(Image-caption web data)

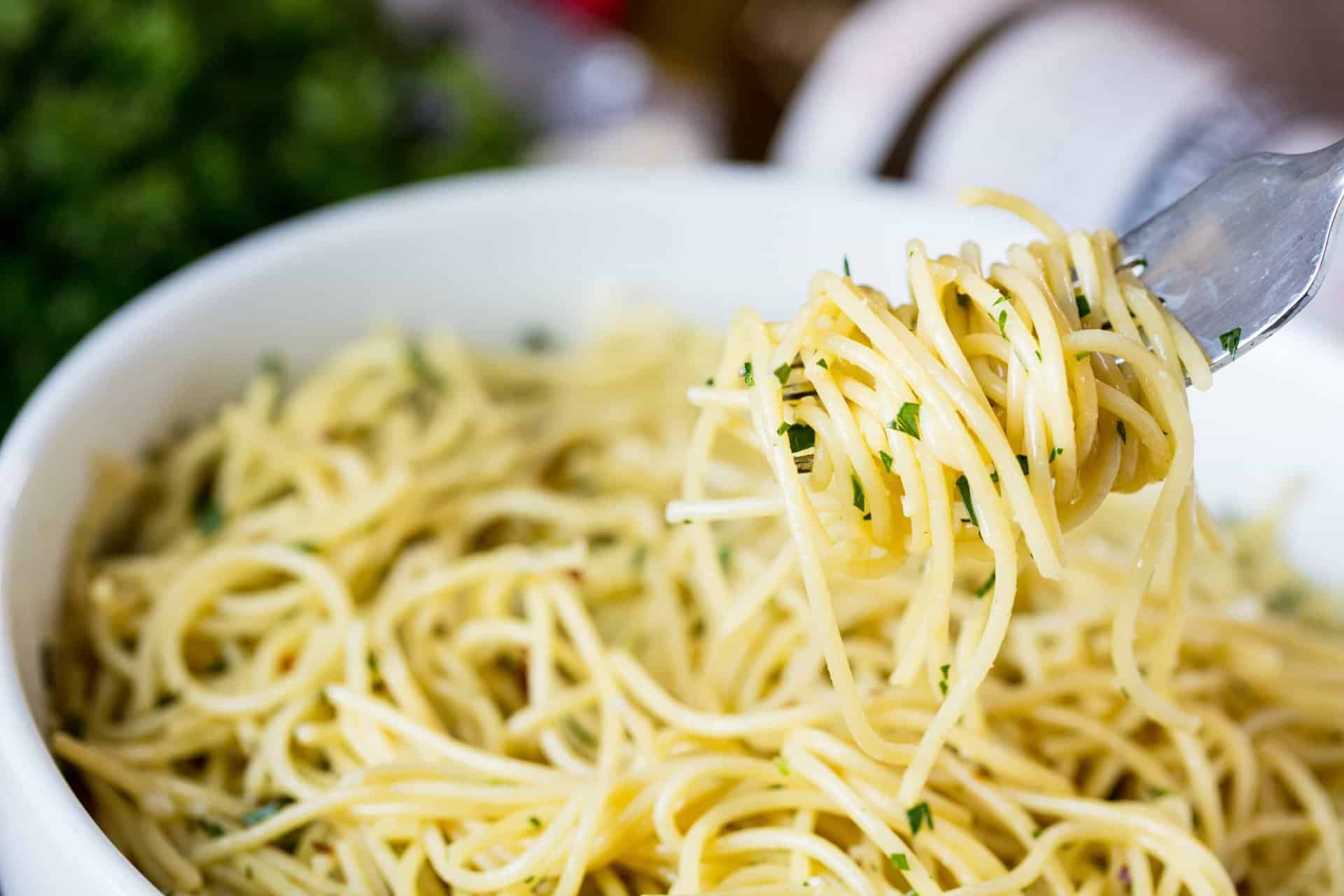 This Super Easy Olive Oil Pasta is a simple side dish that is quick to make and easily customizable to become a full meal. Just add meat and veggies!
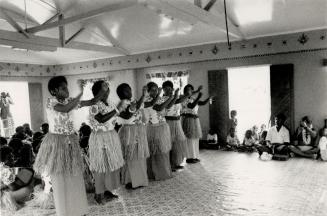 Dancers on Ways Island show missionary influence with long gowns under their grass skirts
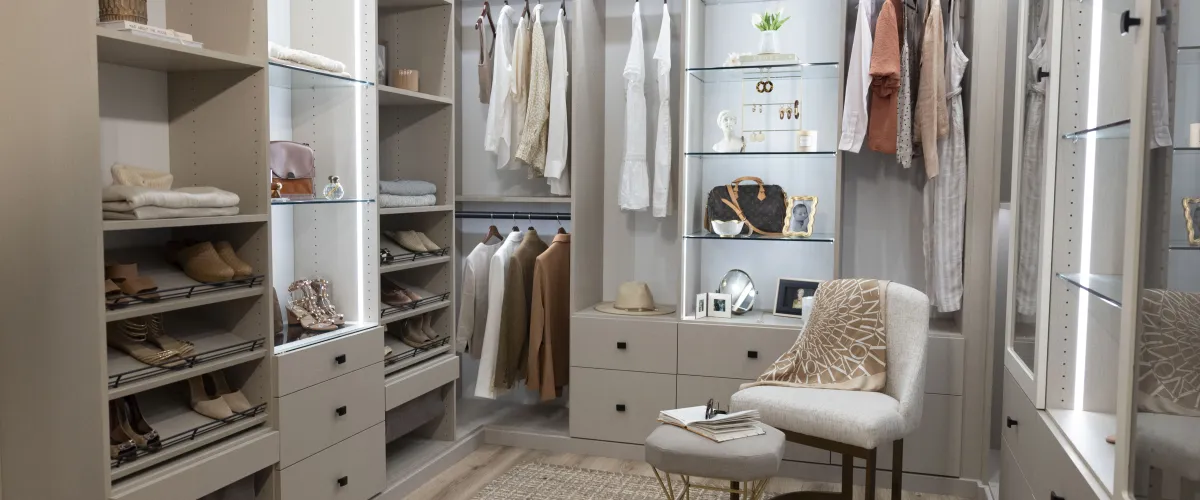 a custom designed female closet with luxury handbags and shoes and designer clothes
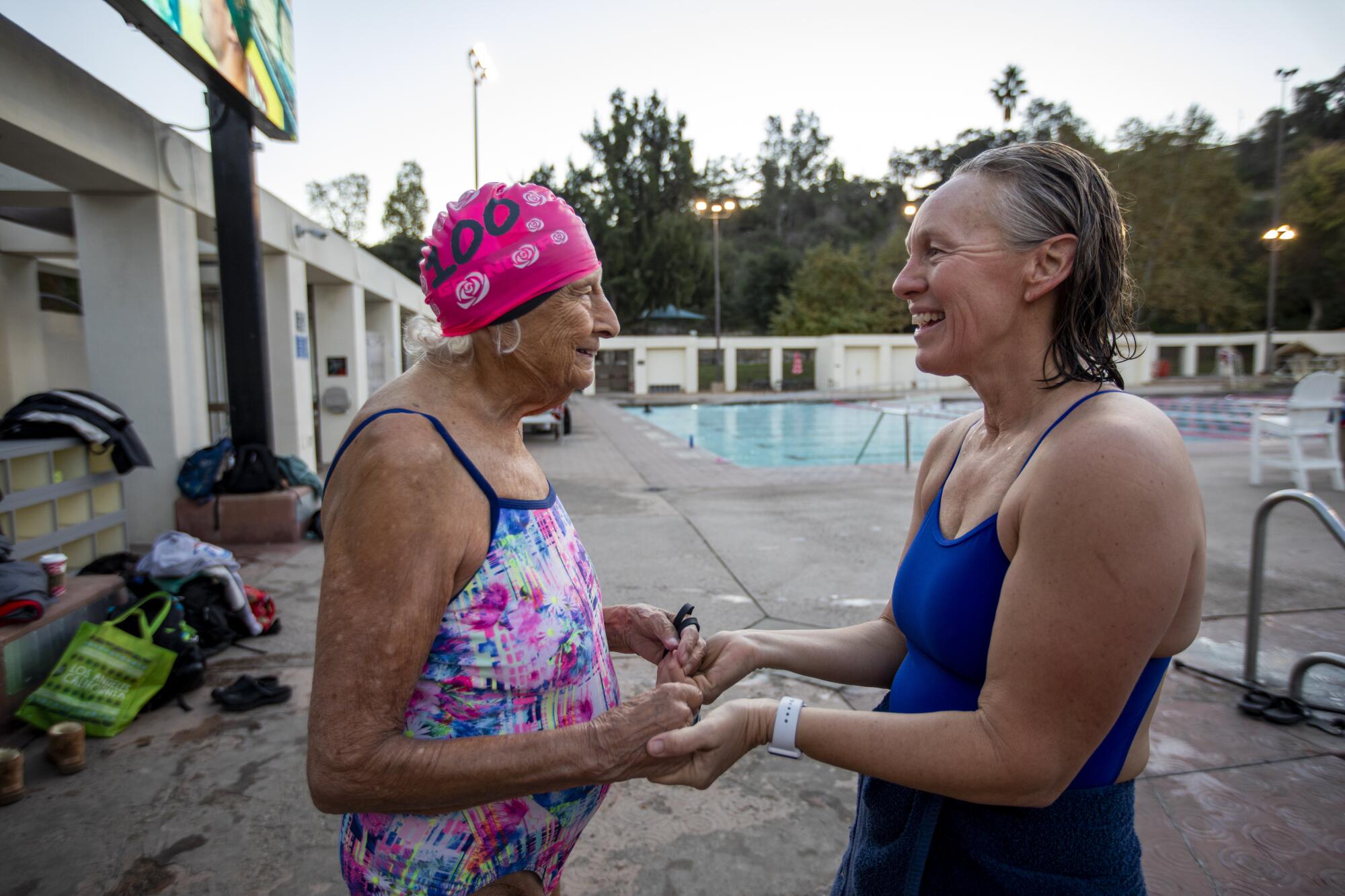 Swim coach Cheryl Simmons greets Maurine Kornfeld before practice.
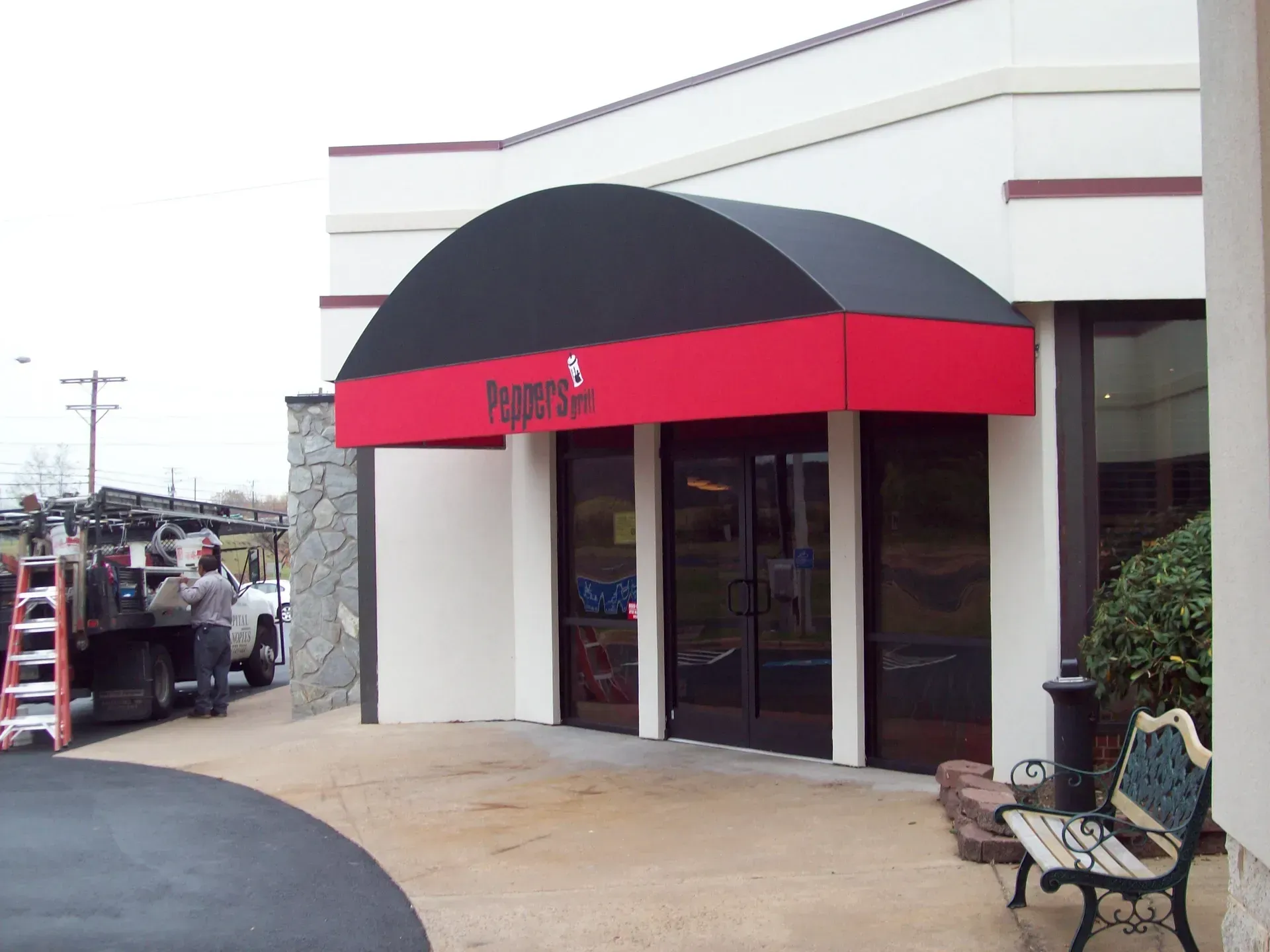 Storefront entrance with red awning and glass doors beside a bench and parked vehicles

> _EXERCISE PROMPT_:
Set the records down again word for word; the pictures stay out.

> _COMPLETED TASK_:
 This Super Easy Olive Oil Pasta is a simple side dish that is quick to make and easily customizable to become a full meal. Just add meat and veggies!
 Dancers on Ways Island show missionary influence with long gowns under their grass skirts
 a custom designed female closet with luxury handbags and shoes and designer clothes
 Swim coach Cheryl Simmons greets Maurine Kornfeld before practice.
 Storefront entrance with red awning and glass doors beside a bench and parked vehicles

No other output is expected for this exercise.